Not only will prices fall if the economy weakens, but there also is increasing pressure on state and federal governments to restrain utility bills through price caps, Farney said. A broad lowering of prices could make many planned generating plants uneconomical and result in a glut of turbines.
And even lacking such government intervention, the markets in the long run will act, well, like markets: As more power plants go into service, especially in electricity-starved states such as California, supply-demand imbalances will dissipate and prices will inevitably stabilize.
Even if prices and demand stay strong, the report contends, new plants could face unexpected low-cost competition in the form of “stealth capacity” from existing coal, oil or nuclear plants. Operators of such facilities could decide to postpone phaseouts or even ramp up production beyond current levels, especially given the Bush administration’s intention to promote such traditional power sources under its recently issued national energy policy.
Finally, if the turbines being built perform more poorly than expected--with more downtime or higher pollution levels--that too would undercut the assumptions on which some projects were founded, WEFA said.
Ignaszak of GE said that, far from being untested, his company’s best-selling line of new turbines already has logged 4 million hours of operating experience with a high degree of reliability.
With about 200 turbines on order from GE and competitor Siemens/Westinghouse, Calpine of San Jose is making what may be history’s biggest bet on new power generation.
“Gas turbines are not unlike any other technological advance--early models will have their challenges,” Jake Rudisill, Calpine’s senior vice president for the Western region, said in a recent interview. But of the turbines now running in Calpine plants, “we’ve experienced nothing outside the [performance] bounds we’ve set,” he added.

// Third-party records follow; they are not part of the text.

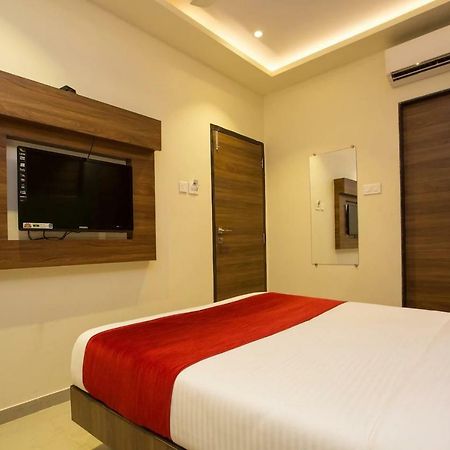 Hotel Grace Inn Bombaim Exterior foto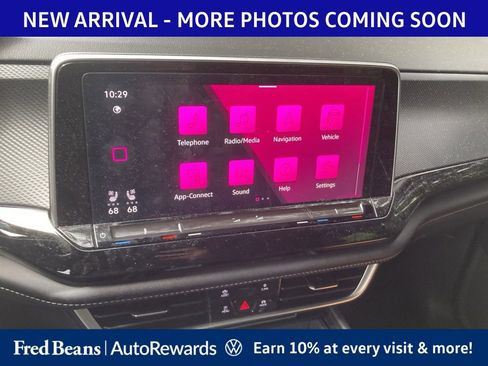 Used 2024 Volkswagen Atlas Cross Sport SEL Premium R-Line AWD/4WD image 12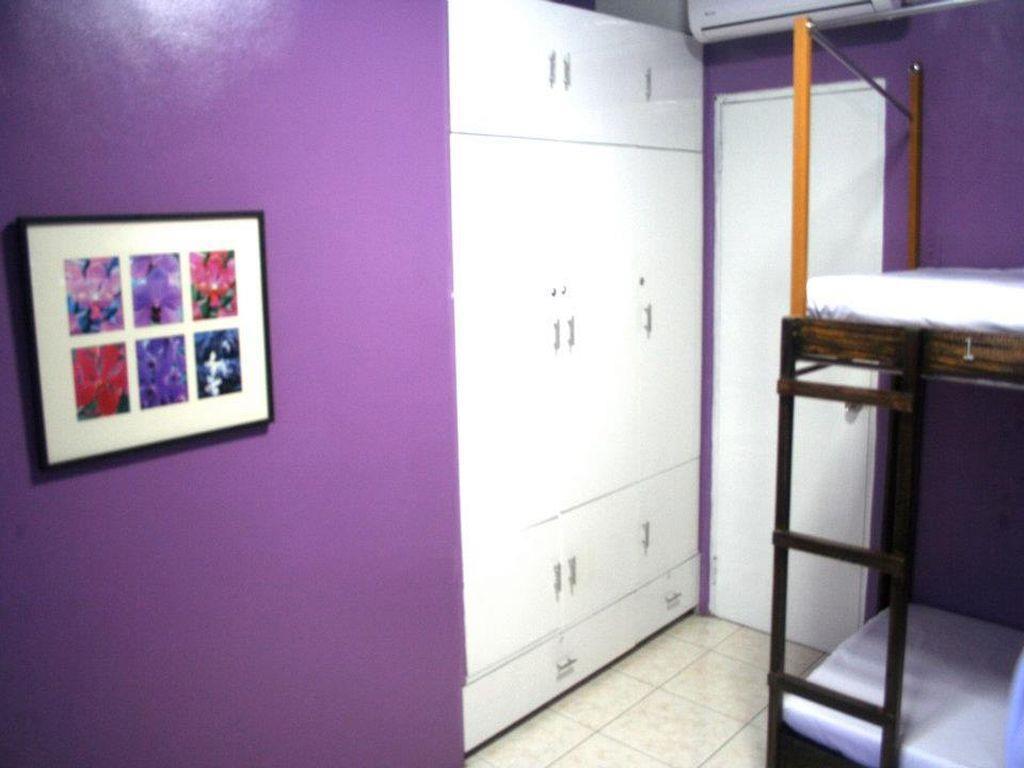 1 River Central Hostel Makati City Екстериор снимка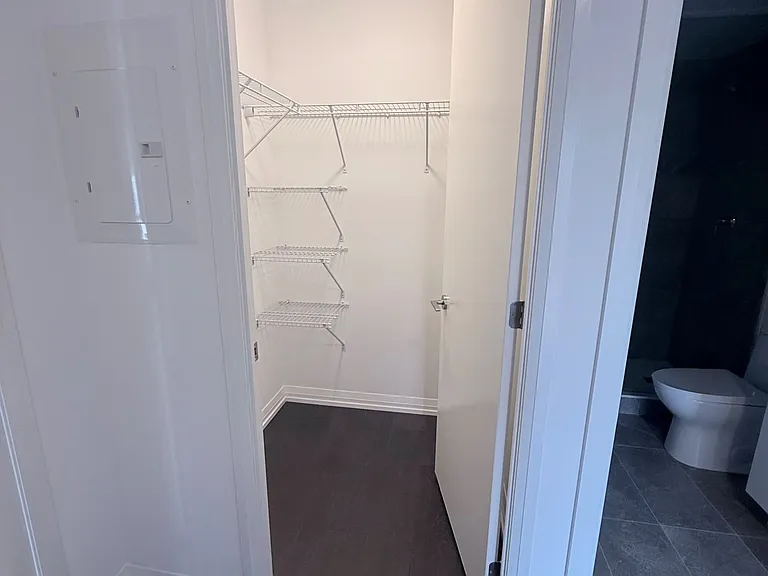 400 King St W #1106 — Photo 20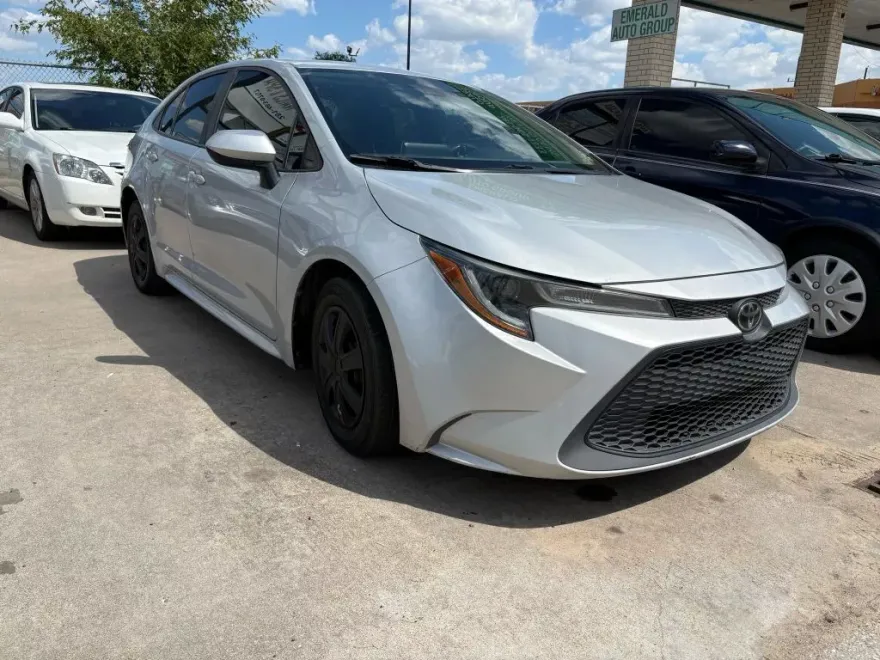2021 Toyota Corolla LE photo 1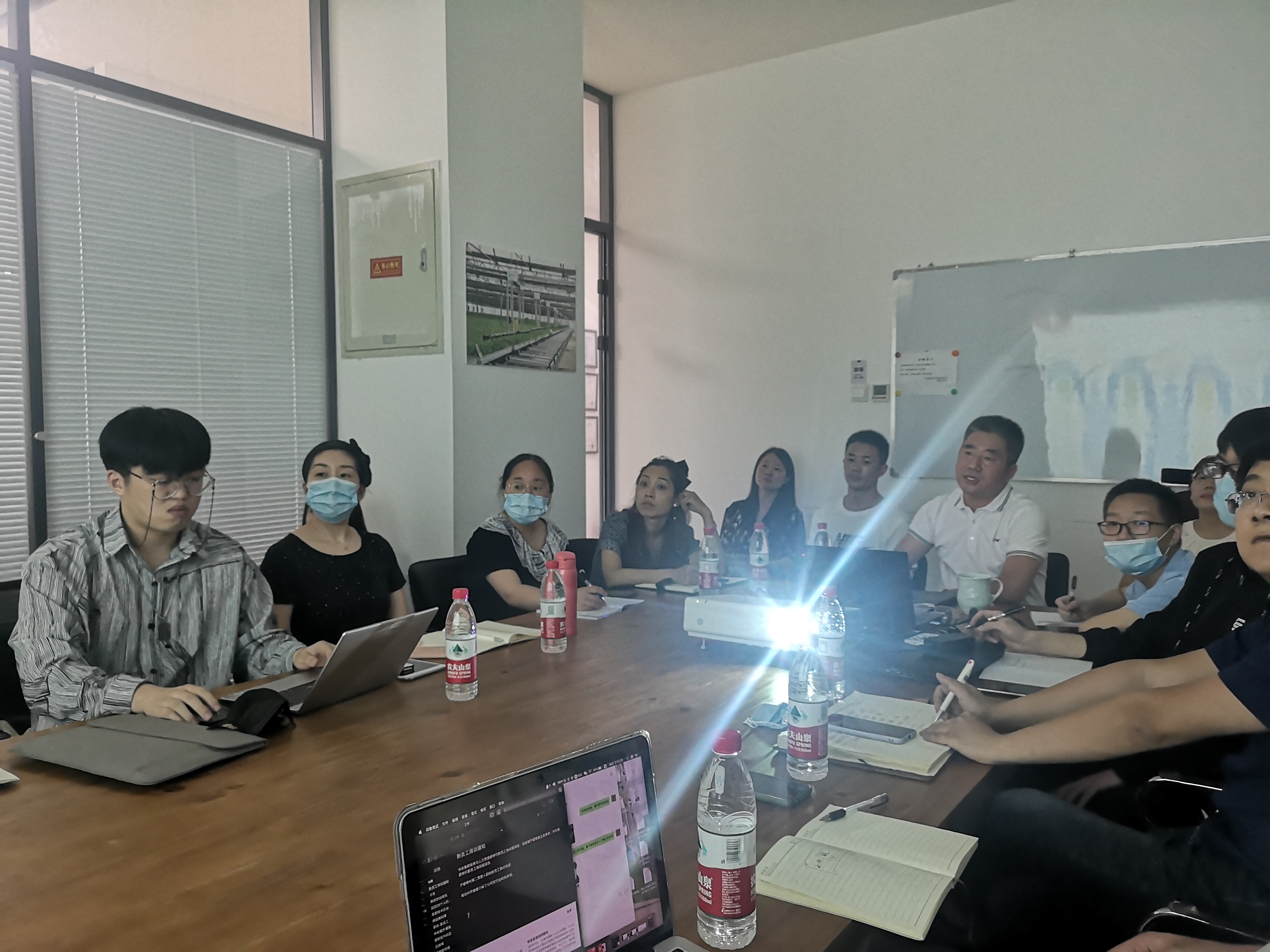 华农集群举行新员工培训座谈会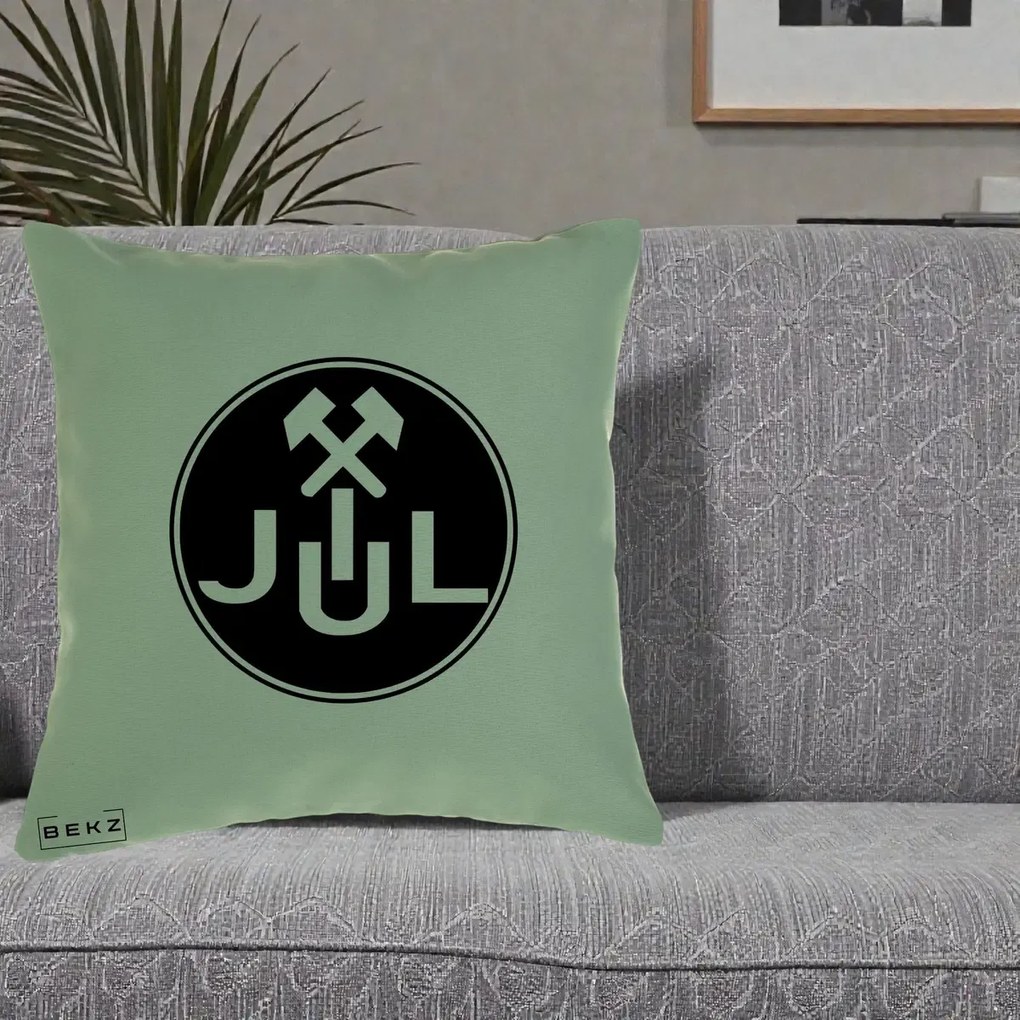 Perna Personalizata JUL Jiul Lupeni Fotbal, 40x40 cm, Verde, Husa Detasabila, Perna Inclusa, BEKZ®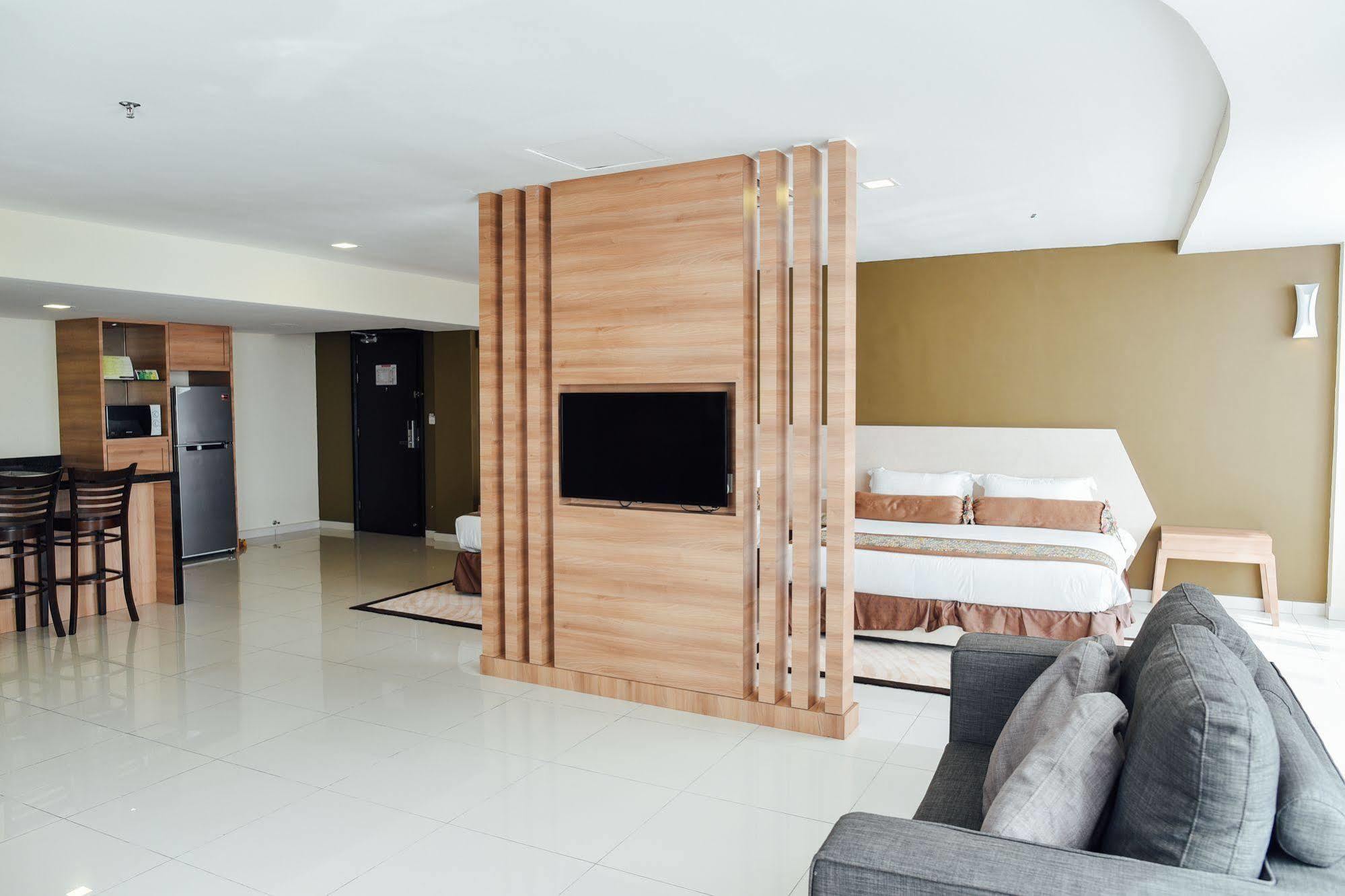 Hotel Sfera Lumut Exterior foto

As for demand, Calpine’s strategy is to be the low-cost leader in producing gas-fired power, spokeswoman Katherine Potter said. Its new, highly efficient plants should be able to operate more cheaply than any gas competitors. Coal-fired plants, though more costly to build, are generally cheaper to operate, so Calpine avoids competing against them head-on, Potter said.
Just as big a factor as the final price of electricity is the price of a gas plant’s major variable cost: the natural gas. Amy Jaffe, senior energy advisor at Rice University in Houston, said many gas plants can operate profitably with the fuel at $5.50 per million British thermal units.
“You have to believe natural gas is going to $6 to $10 to believe people are going to cancel these turbine orders,” she said.
But in all likelihood, with the Bush administration pushing for new gas exploration and with huge new fields recently discovered in the Rocky Mountains, long-term prices are headed lower, not higher, Jaffe said.
Indeed, national prices that spiked above $10 per million BTU in December have dropped below $4.
“If I had a turbine on order, I wouldn’t cancel it so fast,” Jaffe said, adding: “GE might have a bumpy year, but it won’t have a bumpy five years.”